It’s very depressing to me that Entertainment Weekly has now gone monthly. To me, that’s the first step toward all-digital; I hope I’m wrong, but it feels like we should at least get to keep SOME real, tangible things in this world, and EW is one of the magazines I enjoyed getting every Thursday or Friday and then devouring over the weekend. But, as weird as it is, I’m glad it isn’t changing its name. Entertainment Monthly sounds so barren, like we’re only allowed to amuse ourselves ONCE A MONTH and the rest of the time it’s just tumbleweeds, so CHOOSE WISELY, SADSACKS.
Ahem. Anyway, Olivia Colman sits atop the September EW, timed with the release of the preview. It’s a great photo. She’s giving me superb Queen Elizabeth II vibes, and — even though it picks up where season 2 left off, so there isn’t REALLY any aging happening — the effect is of a more layered, worn-in queen than Claire Foy’s Elizabeth, which is the stated intent behind changing casts every two seasons.
I also need to note that I misread the top as “The Secrets of FRIENDS: THE MURDER,” and I was EXTREMELY interested in the idea of resurrecting that show as a murder mystery (otherwise, hard pass).

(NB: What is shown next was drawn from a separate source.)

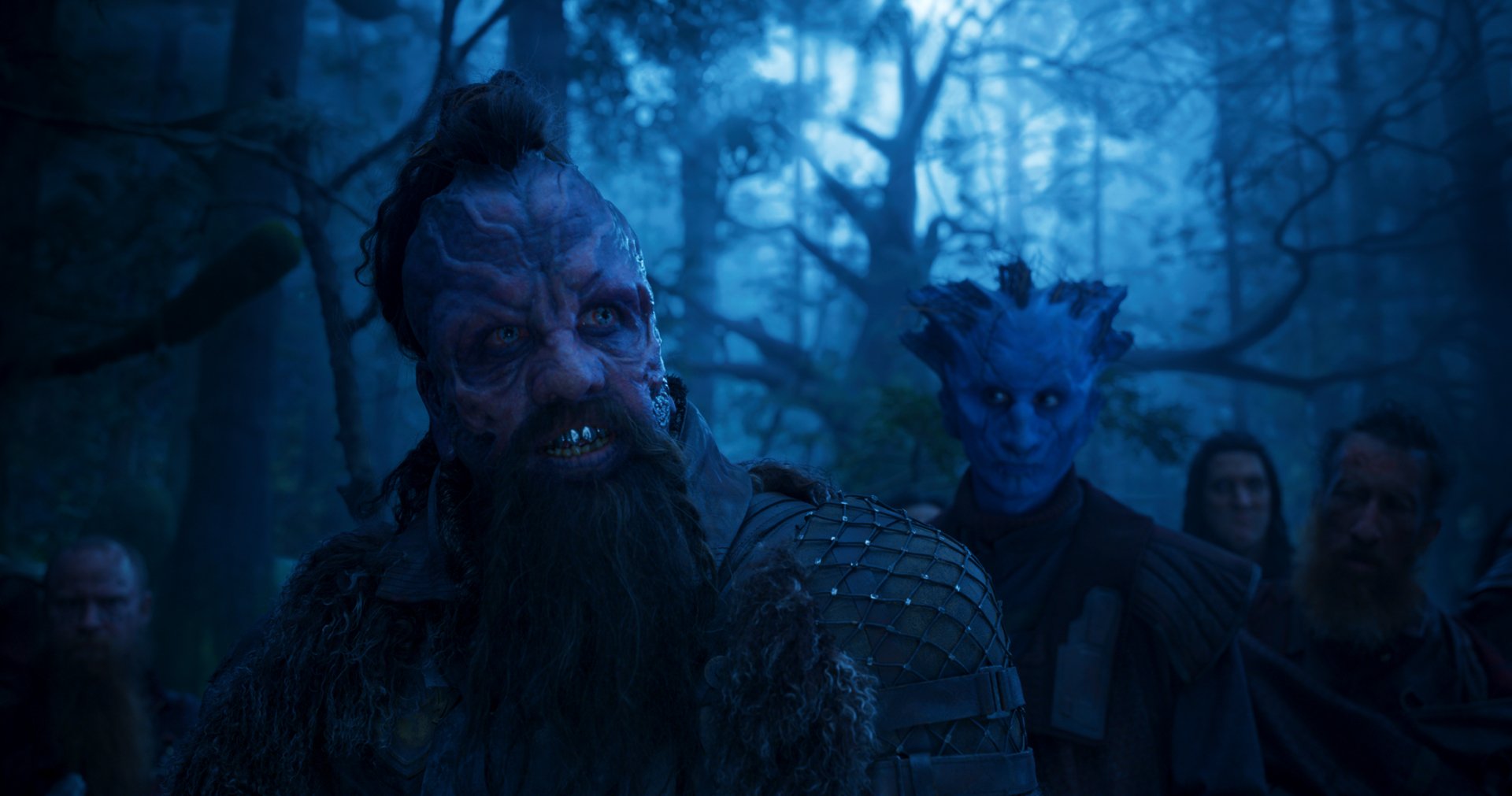 HD PC desktop wallpaper from Guardians of the Galaxy Vol. 2 — bearded, tattooed alien leader in a misty blue forest, blue-skinned companion and shadowed figures behind.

I don’t understand why we’re digging up secrets about Friends at this point in our lives, but much like People is compelled to run a Kennedy cover every six months to a year (bonus points if they can make it about JFK Jr., and triple-bonus if it involves a never-before-known friend of his and Carolyn Bessette’s, and QUADRUPLE bonus if they can advertise a photo you’ve never seen before), so too I guess does Entertainment Weekly have to remind us of Friends. Check! Noted, y’all. Thanks.
The notable historical subjects covered in season 3 of The Crown include the 1964 discovery that the Queen’s art adviser Anthony Blunt was a Soviet spy, and Labour leader Harold Wilson’s rise to prime minister that same year. The show will also detail the 1966 Aberfan disaster, when an avalanche of coal waste buried a school in Wales.
That paragraph is not doing much to convince me that Peter Morgan has changed his outlook to include an actual interest in, say, The Queen. While I’m sure those were all important to Elizabeth — the latter for sure — I hope the actual Queen features in Labour Leader Harold Wilson’s storyline as more than just someone who hears about him while in her salon. Oh, and:
As for the intra-family issues explored, Morgan says the show will deal less than previous seasons have with the marriage of Elizabeth and Philip — which he believes became more settled in the ’60s after the early years of turmoil. Instead, the upcoming episodes will detail the breakdown of the union between Margaret and her photographer husband, Lord “Tony” Snowdon (Ben Daniels).
Margaret is fascinating, it’s true, but guess who else is? THE QUEEN.
The season examines Charles’ youthful relationship with his future second wife, Camilla (Emerald Fennell), which began in the early ’70s, years before he met and married Diana.
Well, her child’s marital future is relevant to her, so that’s… something? But if Olivia Colman doesn’t get more to do than just look concerned about other people’s lives, I will be very bummed out. Queen Elizabeth II has an inner life, and you know our pet peeve is Peter Morgan’s reluctance to explore it. YOU HAVE OLIVIA COLMAN. Surely there are nuances to her marriage and her parenting that can be explored, and WILL be explored, and this is just a bare-bones minimalist explanation? SURELY, PETER.
There isn’t actually much from Colman herself; the interviewer seems to want to talk mostly about Claire Foy, and filling Claire Foy’s shoes, and Claire Foy Claire Foy. He is Clairefoyant. But good old Helena Bonham-Carter, our new Margaret, did supply this gem about meeting the late princess:
“She was pretty scary. At one point, she met me at Windsor Castle and she said, ‘You are getting better, aren’t you?’” The princess was referring to Bonham Carter’s acting abilities. Well, “I presume that’s what she meant.”
That is a mic drop from Margs if ever there was one.